Task to complete: Starting from the line that holds "Saying Sorry Unisex", output exactly each line through the end of the listing. Do not copy pictures.

Exercise inputs:
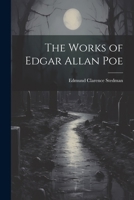 The Works of Edgar Allan Poe 1021892696 Book Cover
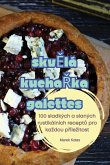 SKV¿LÁ KUCHA¿KA GALETTES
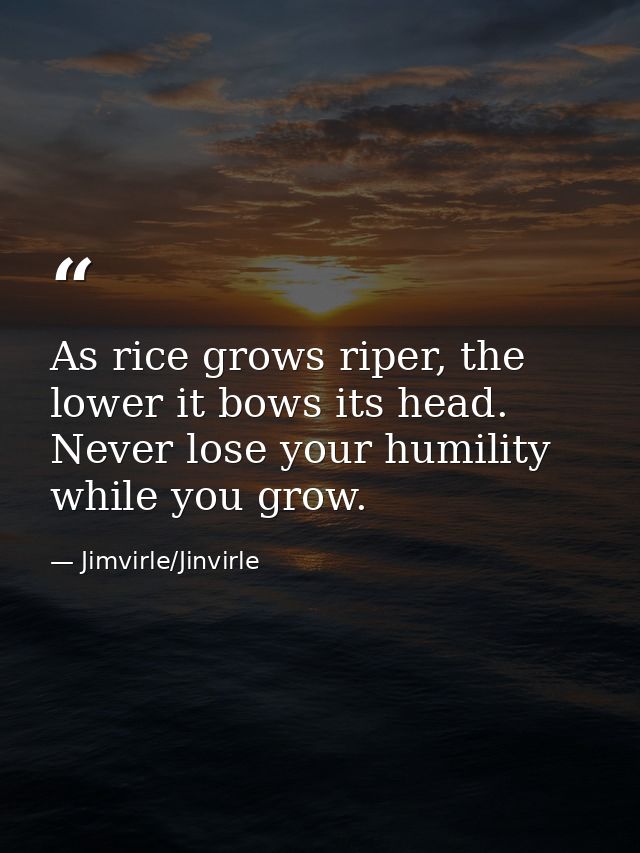 As rice grows riper, the lower it bows its head. Never lose your humility while you grow. — Jimvirle/Jinvirle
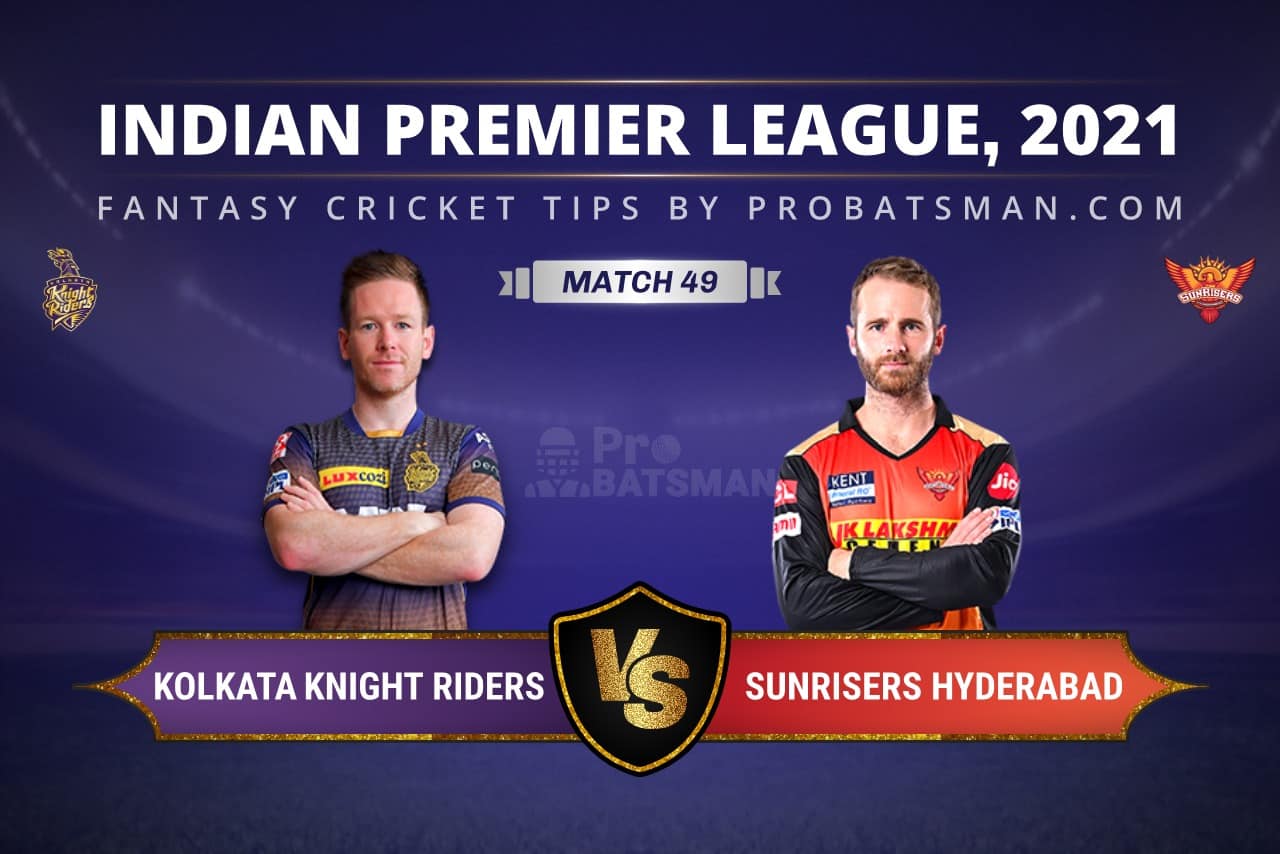 KKR vs SRH Dream11 Prediction: Fantasy Cricket Tips, Playing XI, Pitch Report, Stats & Injury Updates of Match 49, IPL 2021 KKR vs SRH Dream11 Prediction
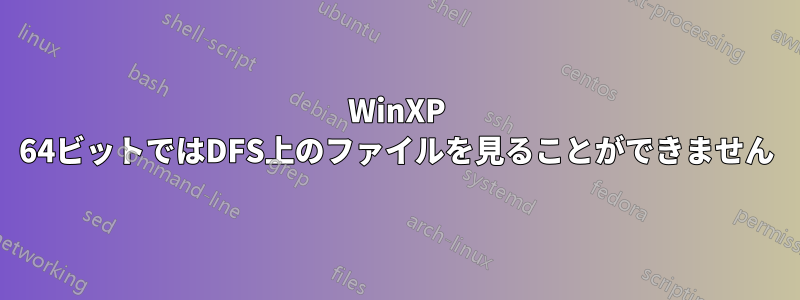 WinXP 64ビットではDFS上のファイルを見ることができません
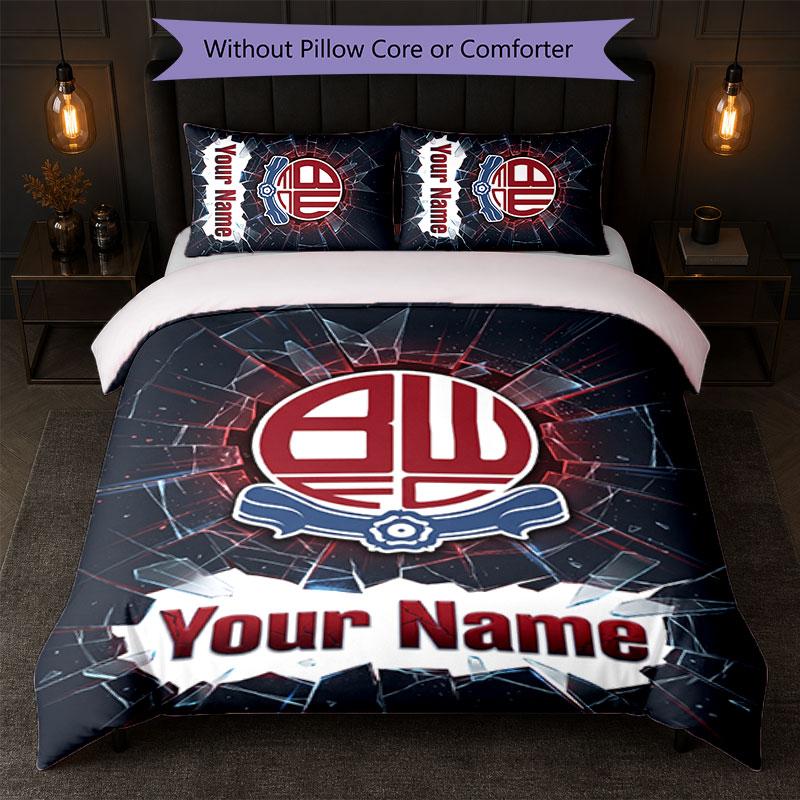 Bolton Wanderers FC Custom Name Text Bedding Set 1 Duvet Cover+2 Pillowcases Soccer Logo Personalized Gift For Special Occasion Bedroom Decor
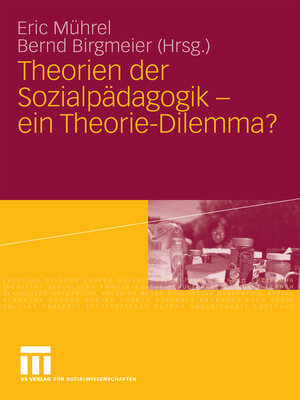 cover image of Theorien der Sozialpädagogik--ein Theorie-Dilemma?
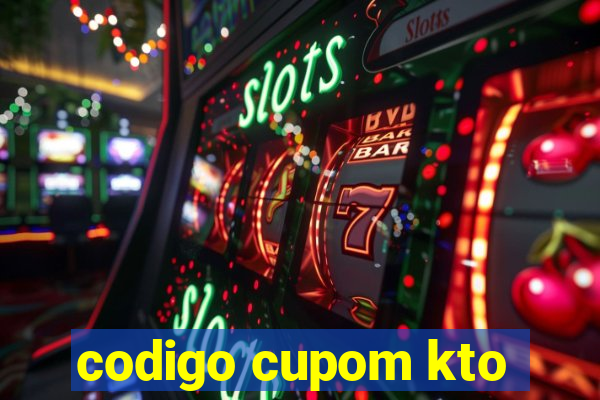 codigo cupom kto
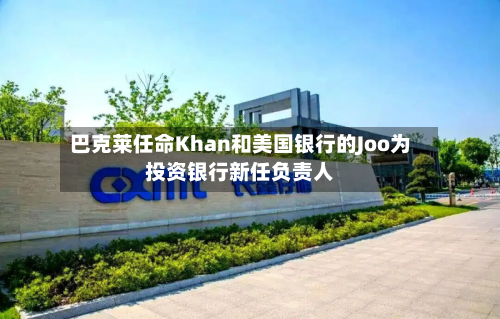 巴克莱任命Khan和美国银行的Joo为投资银行新任负责人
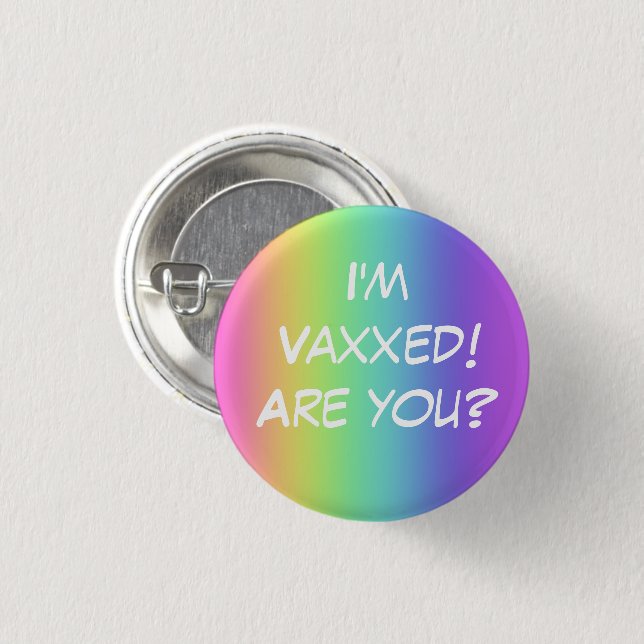 Ich bin Vaxxed! Bist du's? Rainbow-Button-On-Taste Button (Vorne & Hinten)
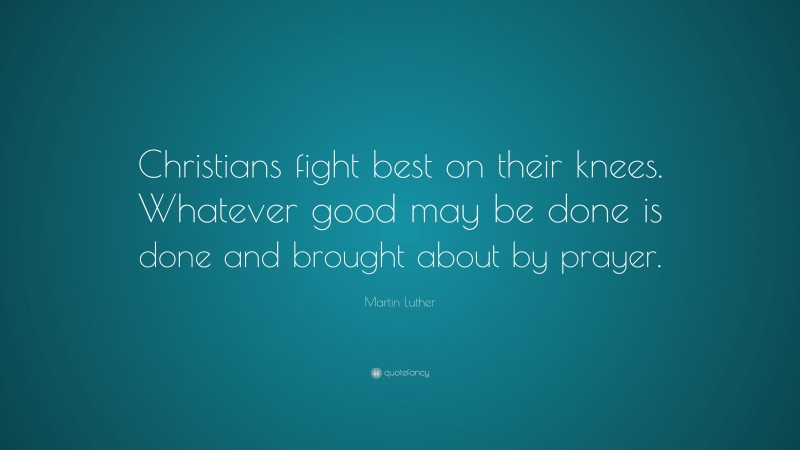 Martin Luther Quote: “Christians fight best on their knees. Whatever good may be done is done and brought about by prayer.”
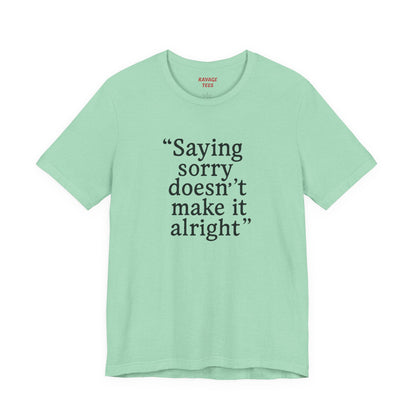 Saying Sorry Unisex Tee - Casual Comfort for Honest Conversations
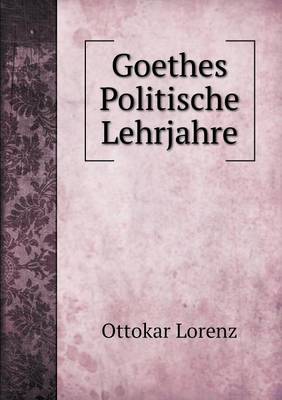 Book cover for Goethes Politische Lehrjahre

Worked solution:
 Saying Sorry Unisex Tee - Casual Comfort for Honest Conversations
 Book cover for Goethes Politische Lehrjahre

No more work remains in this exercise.